- _Exercise brief_: Could you transcribe exactly the lines below, from the line with "Spaghetti Straps Sexy" through the line with "Johnny Was Purple", and nothing else, leaving out the pictures?

Top of Dataset content

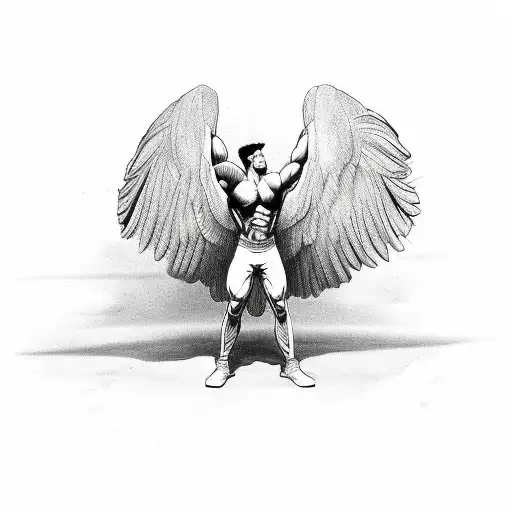 Buff Guy On His Knees Facing Forward With Wings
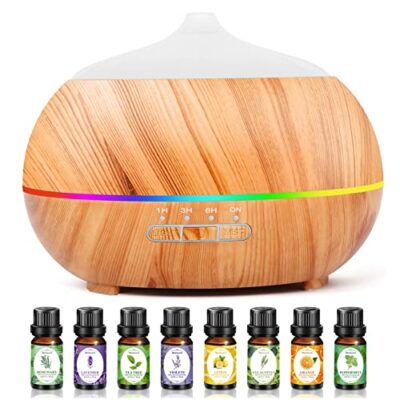 Aroma Diffuser für Duftöle Ultraschall Luftbefeuchter: 500ML Aromatherapie Öle Diffusor mit Aroma Öl Set 1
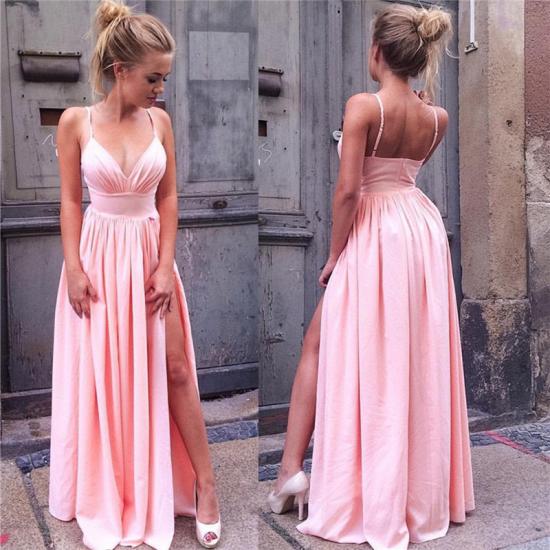 Spaghetti Straps Sexy Pink Formal Dresses Chiffon Open Back Side Slit V-neck Cheap Evening Dress 2022_3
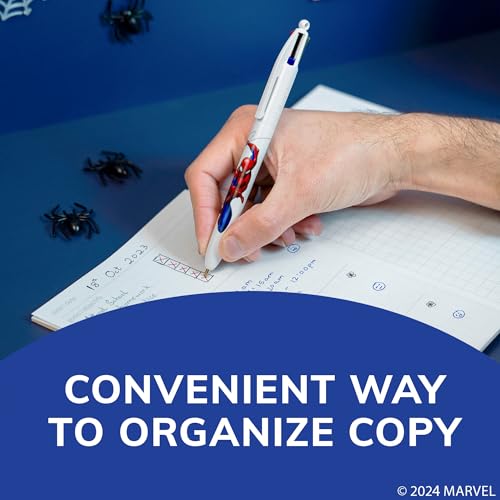 BIC 4-Color Retractable Ballpoint Pen with Marvel's Spider-Man Theme, Versatile Medium Point, 3-Count in Assorted Ink - Image 4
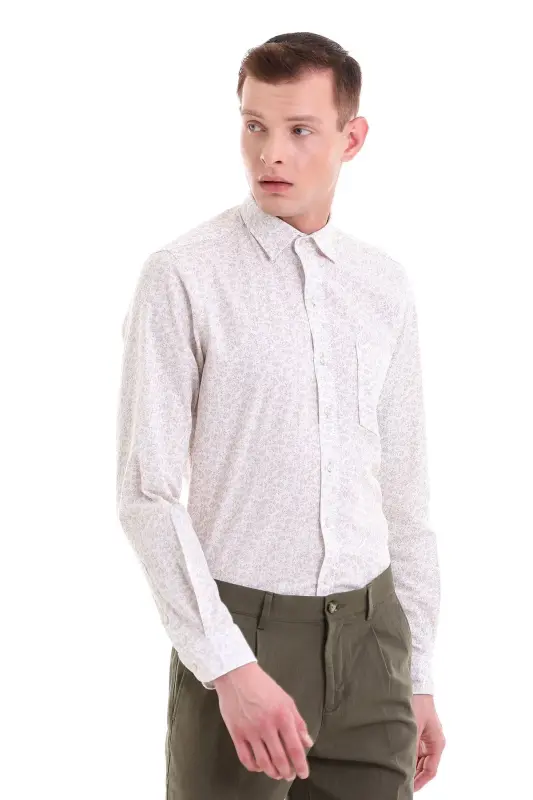 Bej Comfort Fit Baskılı 100% Pamuklu Slim Yaka Uzun Kollu Klasik Gömlek-Bej - 4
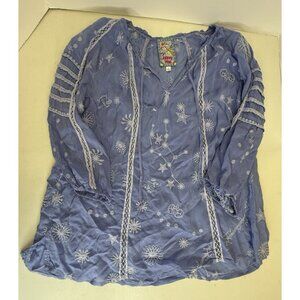 Johnny Was Purple Blue Celestin Neptune Blouse Medium Boho Chic Festival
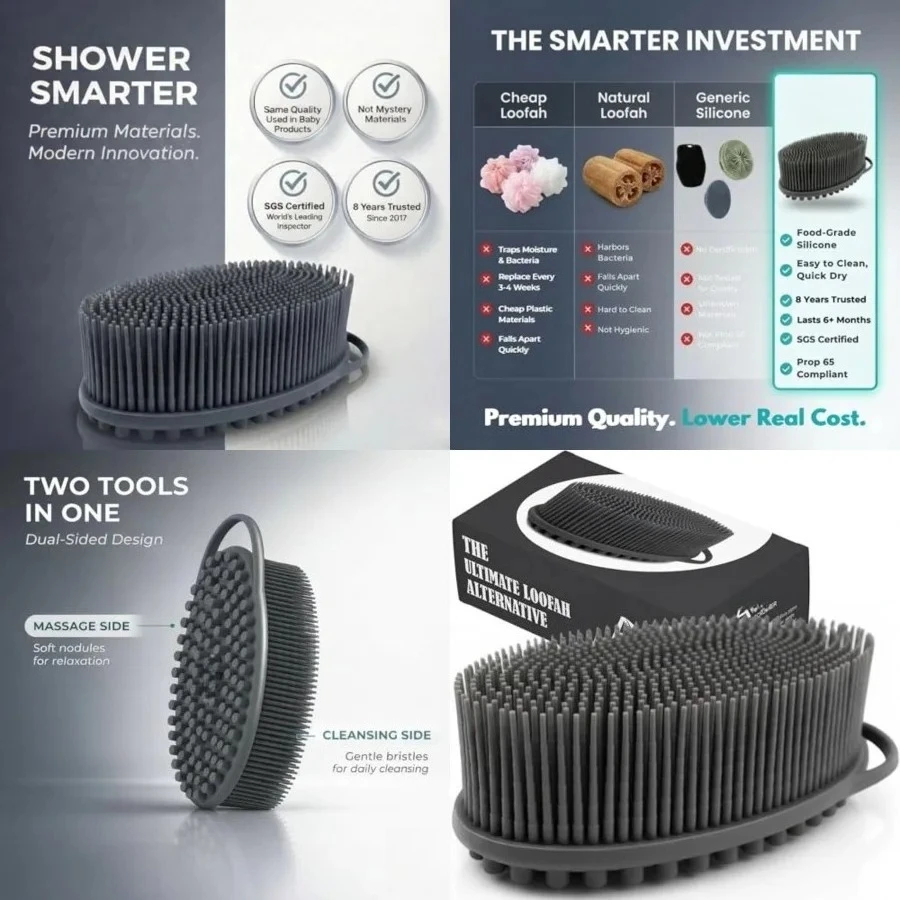 Premium Silicone Body Scrubber - Trusted Since 2017 - SGS Certified Food Grade Dual Sided Bath Brush, Quick-Dry Exfoliating Loofah Alternative, Massage Brush Sensitive Skin Women Men
Premium Silicone Body Scrubber - Trusted Since 2017 - SGS Certified Food Grade Dual Sided Bath Brush, Quick-Dry Exfoliating Loofah Alternative, Massage Brush Sensitive Skin Women Men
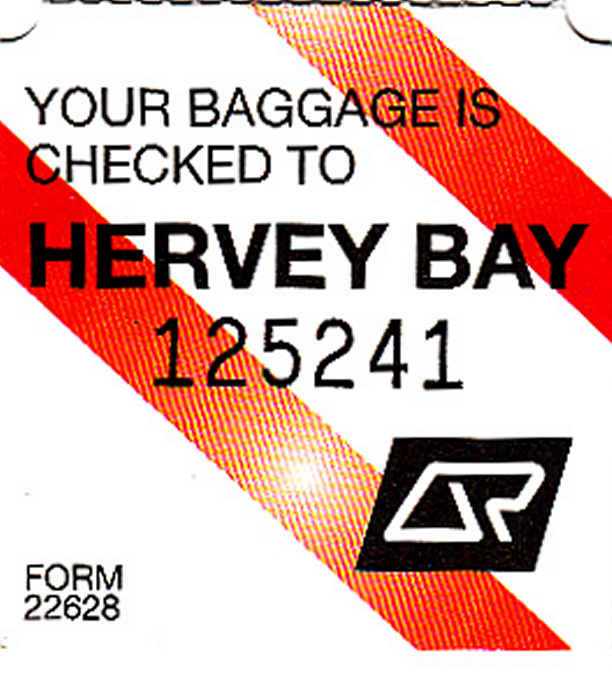 Gepäckschein Zug Cairns - Maryborough 17./18.11. / Bus Maryborough - Hervey Bay 18.11.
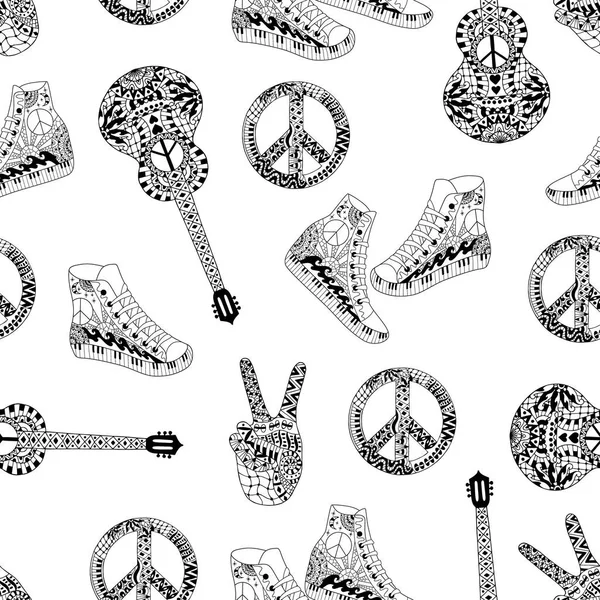 Patrón sin costuras con símbolo de paz hippie blanco y negro, guitarras acústicas y serpientes de altura — Vector de stock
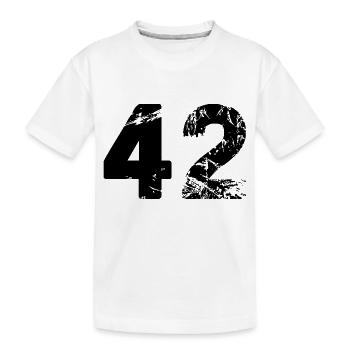 42 Zahl Trikot - Kinder Premium Bio T-Shirt - Weiß - Vorne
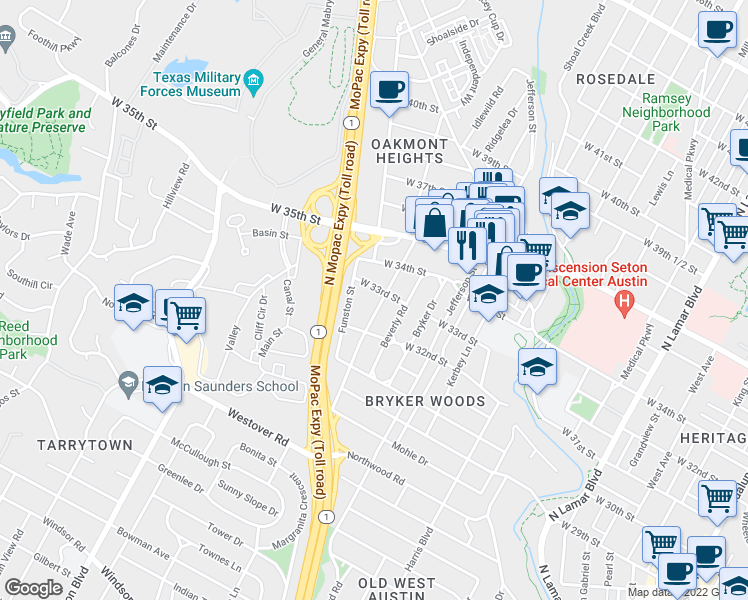 map of restaurants, bars, coffee shops, grocery stores, and more near 3208 Oakmont Boulevard in Austin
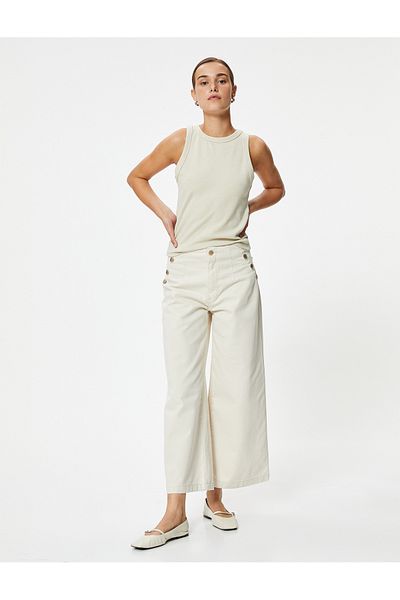 Koton High Waist Geknöpfte Crop Jeans Mit Weitem Bein - Bianca Wide Leg Jeans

Bottom of Dataset content

- _Exercise solution_:
 Spaghetti Straps Sexy Pink Formal Dresses Chiffon Open Back Side Slit V-neck Cheap Evening Dress 2022_3
 BIC 4-Color Retractable Ballpoint Pen with Marvel's Spider-Man Theme, Versatile Medium Point, 3-Count in Assorted Ink - Image 4
 Bej Comfort Fit Baskılı 100% Pamuklu Slim Yaka Uzun Kollu Klasik Gömlek-Bej - 4
 Johnny Was Purple Blue Celestin Neptune Blouse Medium Boho Chic Festival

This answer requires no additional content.